Speaking of remembering, you remember phoning Bibi, who tells you to phone Imam Hafiz, so you phone the imam, who agrees to call your father-in-law, then come right round, and you wait on the street-corner for him to show up as, meanwhile, everyone in the local community wanders by, casually checking out the scene with their phonecams and occasionally pausing to tut-tut and share furtive condolences with you, all the time wondering if you are in fact some kind of serial killer and waiting for the police to come and arrest you. It is truly mortifying. And so, some hours later—when Bibi has efficiently squirreled numb-faced Taleb and his grieving bride away in one of the hotels on Lothian Road and organized a rota of hot-and-cold-running daughters-in-law and nieces to sit and keep them company through the long night—you tiptoe away to a certain pub on the far side of Calton Hill, where the Gnome is waiting for you with a warm pint and a quizzical stare.
He glances at your face and shoves the beer in front of you. You take it wordlessly and chug most of it straight back. The Gnome looks concerned. “What kind of way is that to treat a pint?” he asks, then pauses, laboriously taking note of your face. “Ah, I see. Would you be in need of another?”

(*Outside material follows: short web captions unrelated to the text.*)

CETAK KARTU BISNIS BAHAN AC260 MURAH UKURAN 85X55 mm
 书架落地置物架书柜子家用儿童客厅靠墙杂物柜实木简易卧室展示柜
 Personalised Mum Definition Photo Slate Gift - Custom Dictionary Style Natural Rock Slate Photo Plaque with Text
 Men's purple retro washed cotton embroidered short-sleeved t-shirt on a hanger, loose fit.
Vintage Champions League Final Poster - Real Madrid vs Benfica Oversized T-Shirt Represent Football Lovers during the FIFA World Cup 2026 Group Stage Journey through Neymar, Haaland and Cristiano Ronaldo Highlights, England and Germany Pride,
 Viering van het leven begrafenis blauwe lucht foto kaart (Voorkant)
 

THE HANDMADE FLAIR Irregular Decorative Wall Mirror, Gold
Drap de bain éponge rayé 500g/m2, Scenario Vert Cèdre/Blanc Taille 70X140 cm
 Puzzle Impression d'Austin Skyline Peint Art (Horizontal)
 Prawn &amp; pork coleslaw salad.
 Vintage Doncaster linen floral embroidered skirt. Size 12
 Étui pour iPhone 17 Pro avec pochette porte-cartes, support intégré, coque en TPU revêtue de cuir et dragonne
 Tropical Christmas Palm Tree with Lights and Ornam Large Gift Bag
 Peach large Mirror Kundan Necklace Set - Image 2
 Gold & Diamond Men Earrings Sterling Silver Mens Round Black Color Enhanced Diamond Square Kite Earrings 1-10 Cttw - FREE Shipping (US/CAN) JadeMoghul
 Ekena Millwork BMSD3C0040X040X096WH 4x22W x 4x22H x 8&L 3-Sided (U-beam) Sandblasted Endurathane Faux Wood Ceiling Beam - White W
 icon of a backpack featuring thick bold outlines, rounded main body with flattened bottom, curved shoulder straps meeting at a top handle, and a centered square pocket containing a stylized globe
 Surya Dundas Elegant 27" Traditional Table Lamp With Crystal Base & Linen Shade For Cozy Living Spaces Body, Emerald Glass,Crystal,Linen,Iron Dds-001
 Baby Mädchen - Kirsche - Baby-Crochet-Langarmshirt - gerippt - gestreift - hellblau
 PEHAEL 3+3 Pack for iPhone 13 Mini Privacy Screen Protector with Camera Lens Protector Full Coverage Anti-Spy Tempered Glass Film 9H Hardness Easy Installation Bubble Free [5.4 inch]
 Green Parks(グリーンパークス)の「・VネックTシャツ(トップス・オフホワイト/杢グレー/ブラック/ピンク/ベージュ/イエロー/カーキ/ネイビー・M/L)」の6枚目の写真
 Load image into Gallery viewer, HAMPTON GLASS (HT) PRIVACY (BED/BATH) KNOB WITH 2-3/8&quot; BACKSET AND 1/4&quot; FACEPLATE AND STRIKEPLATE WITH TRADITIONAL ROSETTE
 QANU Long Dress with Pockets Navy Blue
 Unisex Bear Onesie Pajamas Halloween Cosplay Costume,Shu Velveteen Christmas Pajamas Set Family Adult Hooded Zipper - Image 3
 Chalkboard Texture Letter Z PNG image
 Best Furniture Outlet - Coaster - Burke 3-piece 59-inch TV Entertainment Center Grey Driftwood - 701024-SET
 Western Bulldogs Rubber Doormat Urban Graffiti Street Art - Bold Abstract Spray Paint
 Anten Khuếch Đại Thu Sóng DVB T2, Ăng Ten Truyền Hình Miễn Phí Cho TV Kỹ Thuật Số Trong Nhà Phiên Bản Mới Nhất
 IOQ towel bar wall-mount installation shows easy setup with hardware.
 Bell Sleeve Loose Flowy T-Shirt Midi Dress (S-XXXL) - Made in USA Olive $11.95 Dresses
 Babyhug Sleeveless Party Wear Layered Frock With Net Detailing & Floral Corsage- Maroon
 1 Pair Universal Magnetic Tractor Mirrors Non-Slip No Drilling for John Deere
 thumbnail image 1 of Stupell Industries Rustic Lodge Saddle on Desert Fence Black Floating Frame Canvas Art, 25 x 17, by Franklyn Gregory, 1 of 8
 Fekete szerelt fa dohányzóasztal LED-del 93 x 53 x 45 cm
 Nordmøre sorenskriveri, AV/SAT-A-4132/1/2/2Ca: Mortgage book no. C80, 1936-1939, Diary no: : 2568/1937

You nod. He makes himself scarce in the direction of the bar (despite those stumpy legs, he can shift when he needs to) and you put the remains of your first pint down on the table and try to shove away the enormous hollowness behind your breastbone. It won’t budge. You glare at the pint. There’s maybe an answer of sorts to your dilemma hidden in the glass, but you’re not sure how to frame the question. To get blootered, or not to get blootered? (Bibi’ll scream at you if you come to bed legless and stinking of alcohol, but right now you don’t really care about that: plenty of time to shrug it off as an aberration later.) The real question is— why?
A new glass, clone of the old one, appears under your nose. You nod. “Thank you.”
“What’s the story?” the Gnome asks, not ungently.